TASK TO COMPLETE -
Write out exactly, please, every line from the beginning of the entries to the line holding "2 packs Braided", and no pictures.

------------------------------------------------------------------------

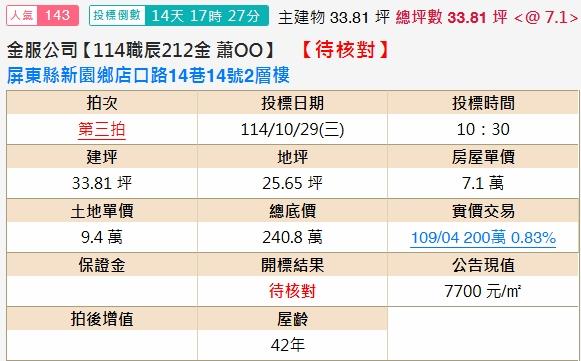屏東新園法拍透天-1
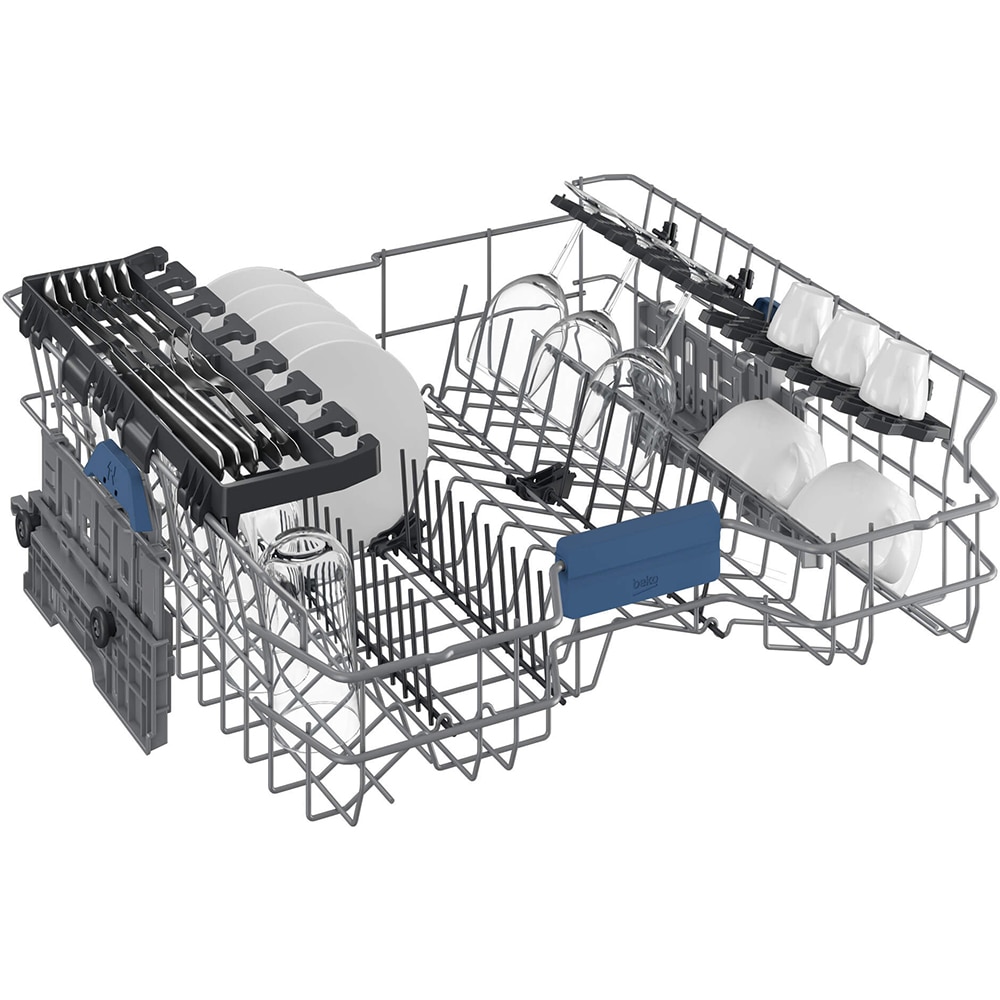 Masina de spalat vase incorporabila BEKO BDIN384D0C, CornerIntense, 14 seturi, 6 programe, 60 cm, Clasa C, panou comanda negru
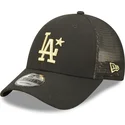 schwarze-trucker-kappe-mit-goldenem-logo-9forty-all-star-game-los-angeles-dodgers-mlb-von-new-era
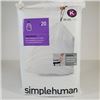 Image 1 : NEW 20 SIMPLEHUMAN CUSTOM FIT LINERS MEDIUM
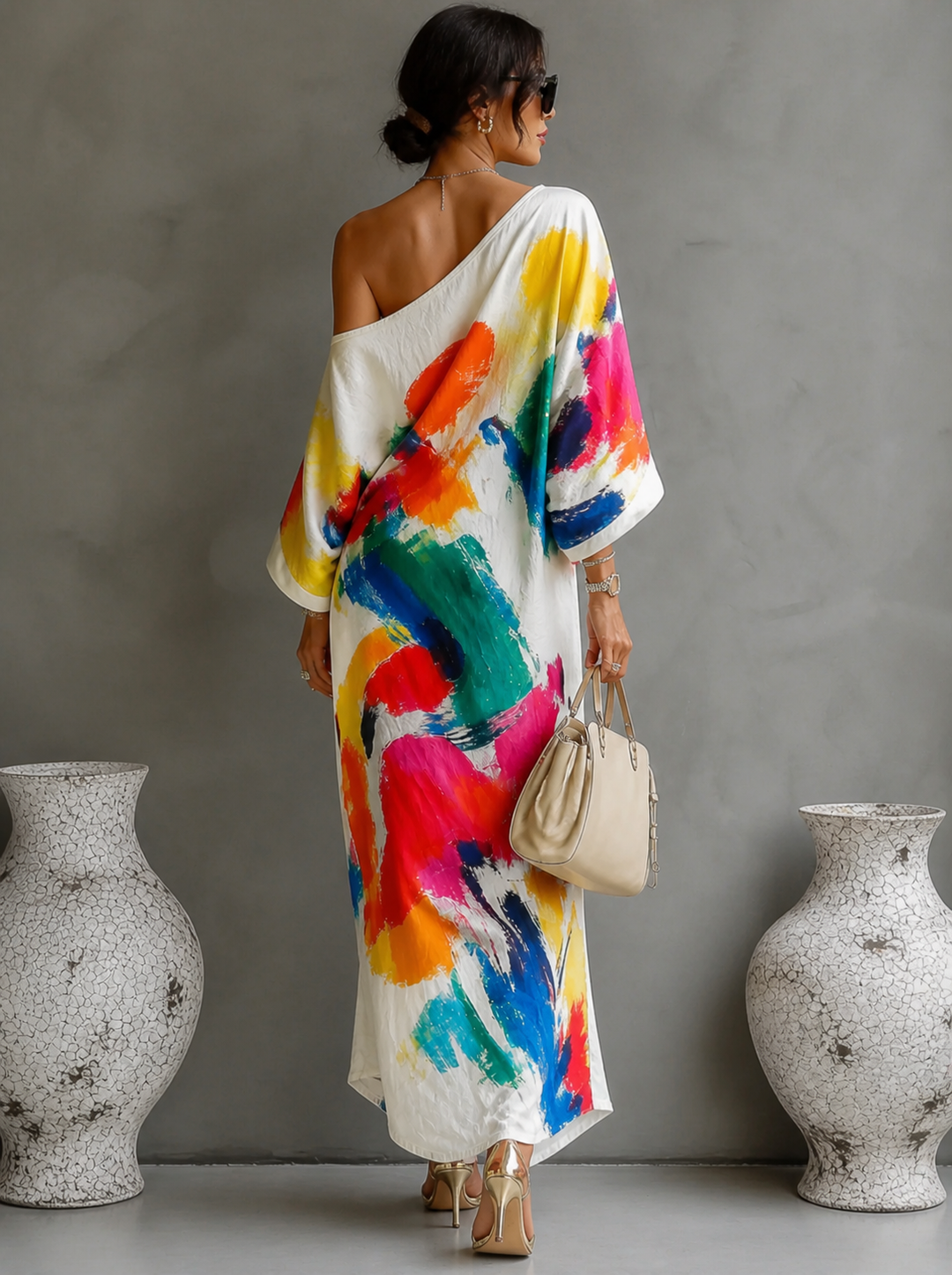 Marthe | One-Shoulder Maxi Dress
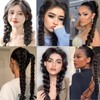 2 packs Braided Hair Extension for black women Straight Wrap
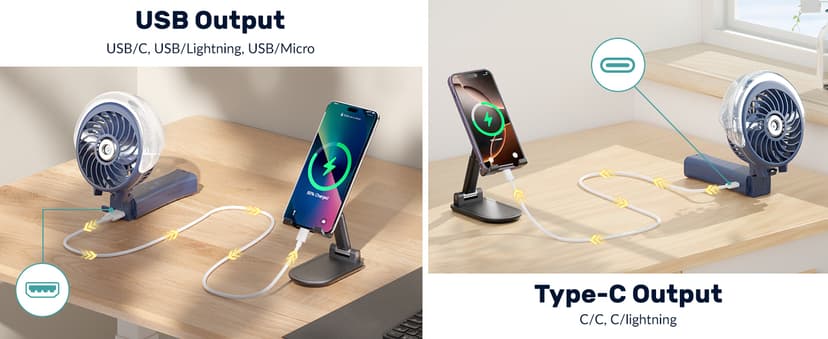 HandFan 4000mAh Upgraded Handheld Misting Fan, 50ml Water Tank, Rechargeable Personal Mister Fan Portable AC, Spray Water Mist Fans, Foldable Cooling Ice Fans for Beach Travel Disney(Royal Blue)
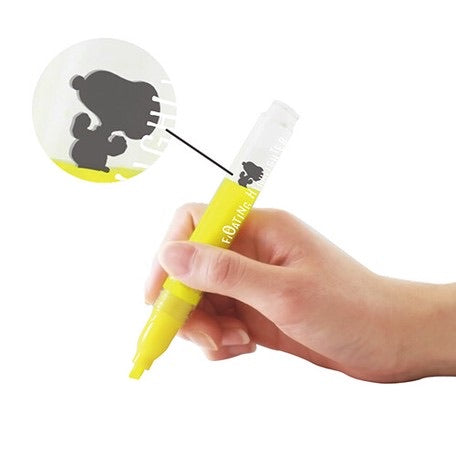日本製，Snoopy螢光筆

------------------------------------------------------------------------

SOLUTION FOR THIS PROBLEM -
屏東新園法拍透天-1
 Masina de spalat vase incorporabila BEKO BDIN384D0C, CornerIntense, 14 seturi, 6 programe, 60 cm, Clasa C, panou comanda negru
 schwarze-trucker-kappe-mit-goldenem-logo-9forty-all-star-game-los-angeles-dodgers-mlb-von-new-era
 Image 1 : NEW 20 SIMPLEHUMAN CUSTOM FIT LINERS MEDIUM
 Marthe | One-Shoulder Maxi Dress
 2 packs Braided Hair Extension for black women Straight Wrap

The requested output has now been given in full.